The FDIR evaluation software will, after each bitlfip, evaluate the controller and assign an error type to that specific bitflip:

  1. None / No error -> No errors were detected

  2. Lockup -> After the bitflip, the controller froze and stopped responding. This error mode requires a reset to get the controller alive again.

  3. Data corruption -> Data stored on the controller has been corrupted (The 'Hello World' test string changed).

  4. Move failure -> After moving the pointer to a specific memory address, the controller stopped responding.

  5. Move fault -> The pointer location before and/or after the bitflip is not the predefined location on which to perform the bitflip.

These results are returned to the user in various ways. After a run is done, two graphs will be created. The first graph shows the error mode that occurred at a certain location within the specified memory range (x-axis). From this one can see the correlation between error type and memory address.

Results

Furthermore, a pie chart of the various erros is created. This gives an indication of the distribution of failure modes.

pieChart

The raw results are stored as well inside a text file called 'FDIR-Results.dat'. Each line in this file represents a bitflip. The results are represented in the formay [address], [bit number], [error type]. An example can be seen below:

536870952, 3, 0
536870956, 3, 0
536870960, 3, 0
536870964, 3, 0
536870968, 3, 1
536870972, 3, 2
536870976, 3, 0
536870980, 3, 0
536870984, 3, 0

Finally, during the run, the python script will print various statements in its terminal. It alternates between printing the location (address minus the addres of the start of RAM) and bit of the bitflip, and a line with some results. These results are shown in the following format: [bool, (bool, int, int), bool, (bool, int, int), bool]. The first boolean indicated if the movment of the pointer has been done correctly. The second element, the first tuple, shows in [0] if the output command was performed successfully, [1] is the value at the pointer before the bitflip, and [2] is the location of the pointer before the bitflip. The next element (3rd) is a boolean indicating if the bitflip was performed succesfully (without crashing the controller). The structure following is a tuple again containing the same data as the previous tuple, yet this time for the situation after the bit flip. Finally, the last boolean shows if data corruption did occur (True -> no data corruption, False -> data corruption, or the command was not executed successfully).

Issues Encountered

External reset: During the process of looping through the memory on the microcontroller while flipping bits, the controller regularly freezes if it encounters an invalid instruction or data structure.
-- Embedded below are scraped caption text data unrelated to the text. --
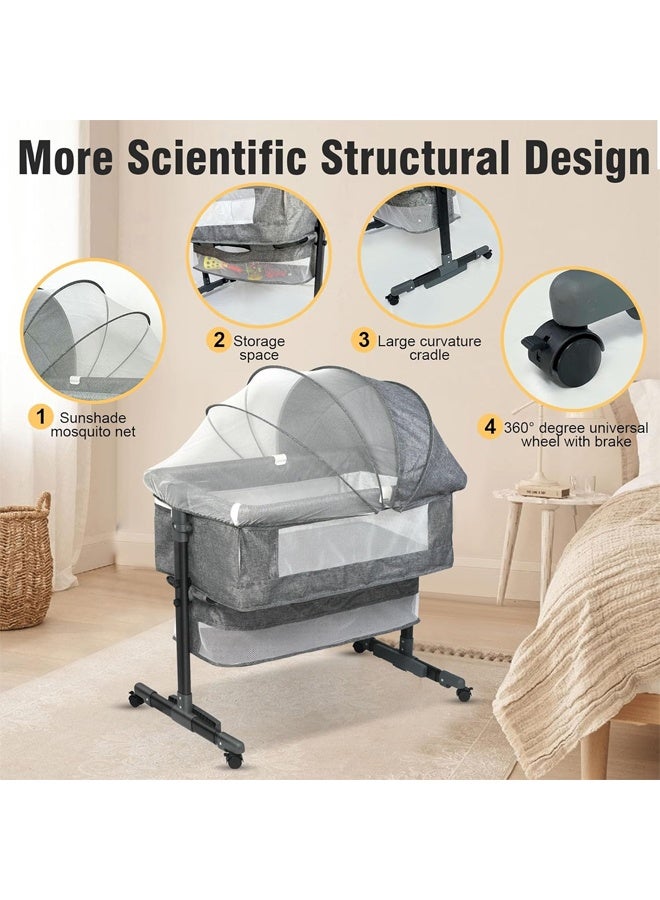 DUNISO Baby Crib，Portable Adjustable Baby Bedside Crib with Large Storage Basket, Travel Crib with Breathable Mosquito Net and Soft Mattress and 360°Swivel Wheels,can be Used Indoors and Outdoors - Image 3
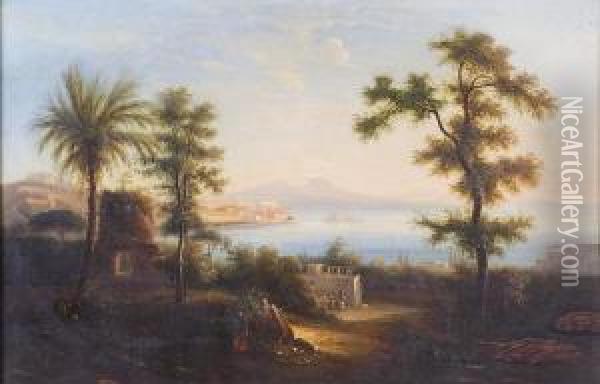 Veduta Del Golfo Di Napoli Oil Painting - Salvatore Fergola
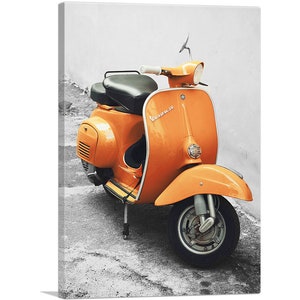 ARTCANVAS Orange Italian Vespa Scooter Canvas Art Print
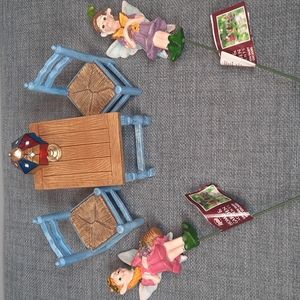Fairy Garden Set Table Chairs Fairy Figures Stakes Miniature Indoor Outdoor Play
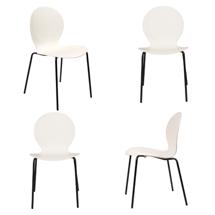 Стул Bradexhome Комплект из 4-х стульев Wave белый с черными ножками арт. FR 1064K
Although the controller can be reset through the serial interface, it cannot be reset if it throws an exception because it then halts execution of the program. The only way to reset an interrupted microprocessor is by either pressing the physical hardware button or triggering the reset pin on the chip.

The first option is not favourable during the loop as manual intervention is required every time the controller hangs. The issue is then to automatically detect a hanging processor and externally triggering the reset pin. Two options were considered:

  1. Using the provided debug stack library, which provides an API for the on-board debug chip which can trigger the reset pin. This option is however quite complicated because it requires a C++ program that interfaces this library; another Python glue layer is then required to provide the interface between this C++ program and the main Python script.
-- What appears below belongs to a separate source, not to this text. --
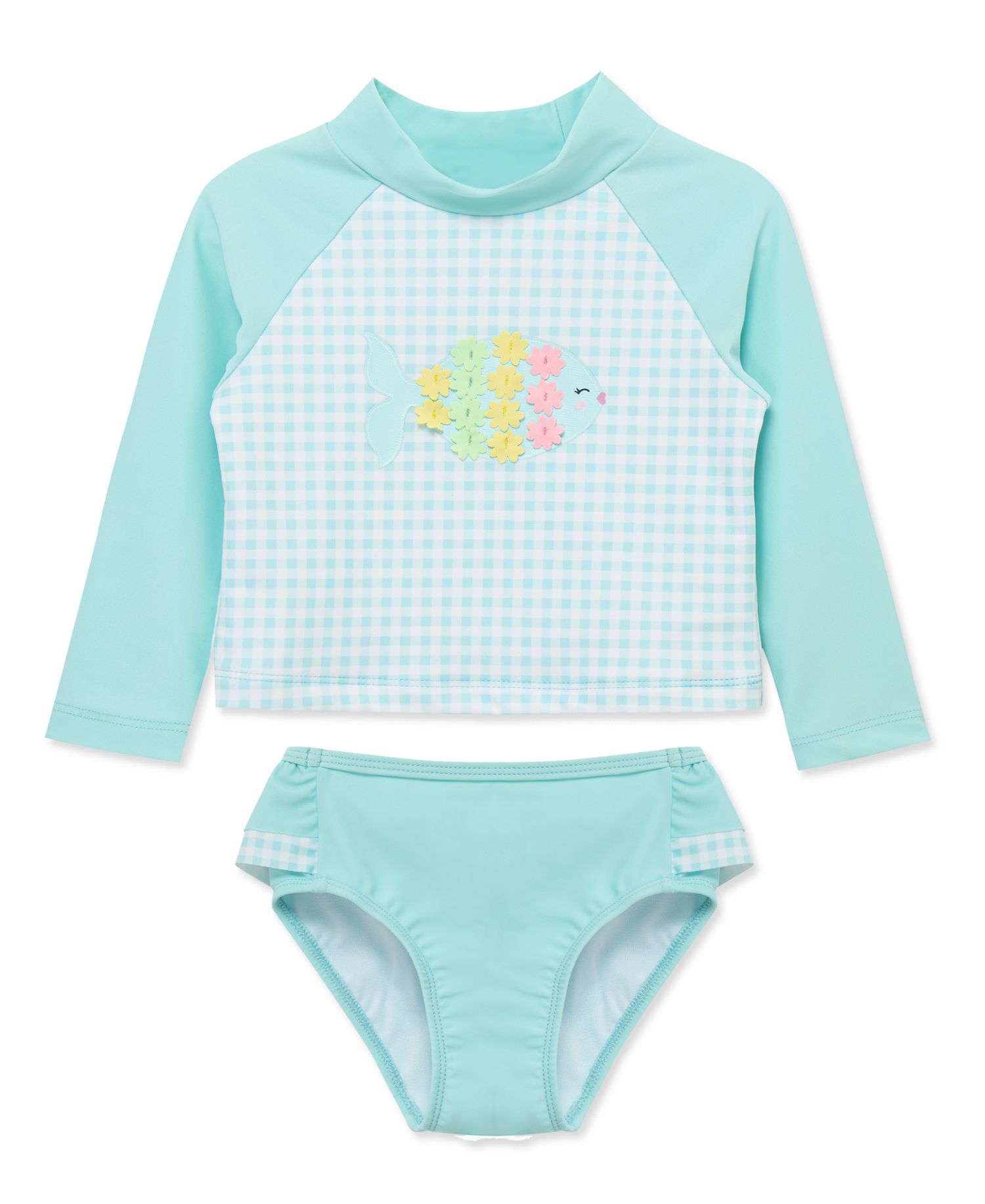 Baby Girls' Fish Long-Sleeve Rash guard and Swim Bottoms, 2-Piece Set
  2. Using another microcontroller which directly drives the reset pin of the microcontroller. This option was chosen as it is the least complicated because the second controller can also be driven by the same Python script.

Making the python host robust: Some major difficulties were encountered during the writing of the python host software, since the software needs to be able to handle with crashes of the microcontroller and other irregularities. Therefore, the software needed to be made robust and able to handle any kinds of problems it could run into. The following design design choices helped in achieving this goal:

  1. Reading data from the flight controller is always done within a ‘try-except’ structure, with a running signal timer, which raises an exception on timeout, allowing an ‘escape’ from reading from a crashed controller. This has as drawback that the python software can only run on Unix systems.
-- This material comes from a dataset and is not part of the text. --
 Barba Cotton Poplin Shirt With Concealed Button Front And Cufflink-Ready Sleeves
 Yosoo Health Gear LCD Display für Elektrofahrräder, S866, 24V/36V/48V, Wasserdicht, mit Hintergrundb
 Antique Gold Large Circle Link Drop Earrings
  2. All python functions with the controller in-the-loop are written in such a way that an unexpected result still is a valid result, and that, when the expected case it not encountered the program still continues. These functions also have boolean outputs, which use True for a ‘correct’ execution (nominal case) and False when issues are encountered. This way, it can be traced back to where the error occurred, and a failure mode can be attached to it.

  3. The python side of the python-to-controller interface has been written in a class, in order to allow it to store data within. This is also the easiest way to ‘hide’ large chunks of code partially out of view when working on search patterns and/or the main python code.

Processing all serial data from the controller: When having both the various commands with outputs, and the loop counter enabled, quite some information is received on the python end. In order to keep the program as simple as possible, the loop counter data has not been used for verification of the controller. Rather, the controller returning the received command after presumably executing it is used to verify whether the command worked or did not work.

Recommendations

  • Implement interrupt handlers: if the microprocessor halts due to a runtime exception, it halts the execution of the program and will set a designated register flag with the appropriate fault code. It then tries to call a function, called an interrupt handler, which can try to ‘repair’ the fault and give the processor the command to resume execution. In our case, this function has the potential to read the exception code and forward it to the Python host so that the exact cause of the halt can be displayed, which gives extra insight into what happens at which memory location.

  • Resolve Unix/ Linux-only compatibility: Currently, the python function signal.timer() in the signal library is used. This function is only available on Unix/ Linux systems. The purpose of this function is to prevent the software from getting stuck in a serial.readline() call after the controller has crashed (it still shows that it has characters available to read). This can be fixed by setting up the secondary controller (currently used to trigger resets) to act as a watchdog and check the status of the primary controller (perhaps using an output pin on the primary controller which alternates High and Low). This can be then used to prevent a serial.readline() call on a crashed controller.

  • Tweak program timing: Currently, both the python code and flight controller main loop are set to sleep by respectively time.sleep() and delay() in order to prevent them from outperforming each other. As an effect, verifying the controller by running bitflips over the entire memory will take long (estimated ~18 hours for the SRAM). By reducing those delays, the speed of the program can be vastly increased.